If the vaporization amount or vaporization rate of the liquid raw material is determined in this way, when the actual film formation on the product wafer is performed, the vaporization amount and the vaporization rate are taken into account and the amount corresponding to the shortage is considered. By supplying an extra liquid material, it is possible to form a film having a target film thickness. When a large amount of mist accumulates in the source gas passage 26 or the like, the mist can be eliminated by purging the N ₂ gas into the passage as described above. still,
In the above embodiment, the case where a tantalum oxide film is formed using a liquid source made of a metal alkoxide of Ta (OC ₂ H ₅ ) ₅ has been described as an example. However, the method of the present invention is not limited to this. It can be applied to any apparatus for forming a film by using, for example, liquid TEOS, PoCl ₃ ,
The case where a film is formed using a titanium organic material or the like can also be applied. The object to be processed is not limited to a semiconductor wafer, but can be applied to a glass substrate, an LCD substrate, and the like.

[0024]

As described above, according to the method for evaluating the amount of vaporized liquid raw material in the film forming system of the present invention, the following excellent functions and effects can be obtained. A film forming gas obtained by evaporating a liquid material is supplied to the film forming system. Thereafter, the supply of the liquid material is stopped, and the object to be monitored is introduced into the film forming apparatus and allowed to stand. The vaporization amount of the liquid raw material can be evaluated based on the presence / absence, thickness, and the like of the film formed on the processing body without disassembling the film forming system. If the liquid raw material is supplied at the time of actual film formation based on the evaluation result, it is possible to control the film thickness with high accuracy.
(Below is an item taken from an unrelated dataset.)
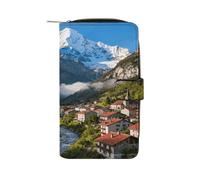 VstaDank Chamonix Portefeuille de voyage en cuir pour femme avec fermeture éclair et poche pour pièces de monnaie de grande capacité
[Brief description of the drawings]

FIG. 1 is a schematic overall configuration diagram showing a film formation processing system for performing a vaporization amount evaluation method according to the present invention.
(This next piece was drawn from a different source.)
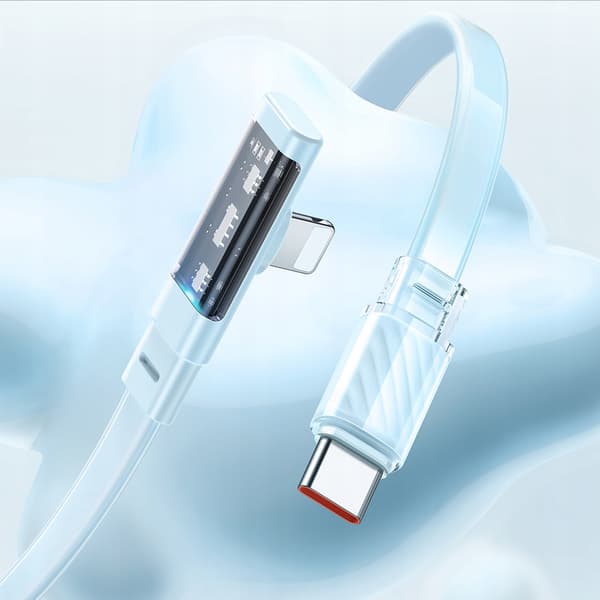 MCDODO Vinklet USB-C Lightning fladkabel 36W til iPhone 13/14 blå 1m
FIG. 2 is a flowchart showing the steps of the method of the present invention.

[Explanation of symbols]

 2 Film forming system 4 Film forming apparatus 6 Material supply system 10 Liquid material 12 Material tank 22 Vaporizer (vaporizing means) 24 Liquid material passage 26 Material gas passage 28 Liquid mass flow controller 34 Heating heater 44 Processing container 54 Mounting table MW Monitor wafer (object to be monitored)
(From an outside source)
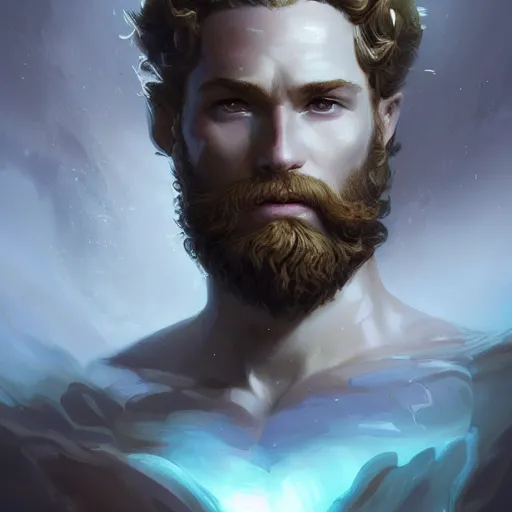 Image similar to Portrait of Neptune, greek god, intricate, cinematic lighting, highly detailed, digital painting, artstation, concept art, smooth, sharp focus, illustration, art by Artgerm and Greg Rutkowski, Cgsociety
 ──────────────────────────────────────────────────続 き Continued on the front page F term (reference) 4K030 AA03 AA06 AA09 AA11 BA17 BA42 CA04 CA06 EA01 KA23 KA25 KA39 5F045 AB31 AC07 AF19 DP03 EC09 EE02 EF05 GB13 5F083 JA06 PR21

Claims (3)

[Claims] 1. A film forming gas is formed by supplying a pressurized liquid raw material to a vaporizing means while controlling the flow rate to vaporize the liquid raw material, and forming the film forming gas through a heated and maintained raw material gas passage. In the method for evaluating a vaporization amount of a liquid material in a film forming system for performing a film forming process on an object to be processed by being introduced into a film forming apparatus, the film forming gas is flowed into the film forming apparatus for a predetermined time. A first step, a second step of stopping the supply of the liquid source and evacuating the source gas passage downstream of the vaporizing means and the inside of the film forming apparatus, and A third step of loading the processing object, a fourth step of leaving the loaded monitoring target object for a predetermined time, and the liquid source based on a film formed on the monitoring target object. A fifth step of evaluating the amount of vaporization of the film. Method for evaluating the amount of vaporization of liquid raw materials in a physical system. 2. The method according to claim 1, wherein the source gas passage is maintained at a temperature higher than a liquefaction temperature of the liquid source. 3. The method according to claim 1, wherein the liquid raw material is a metal alkoxide.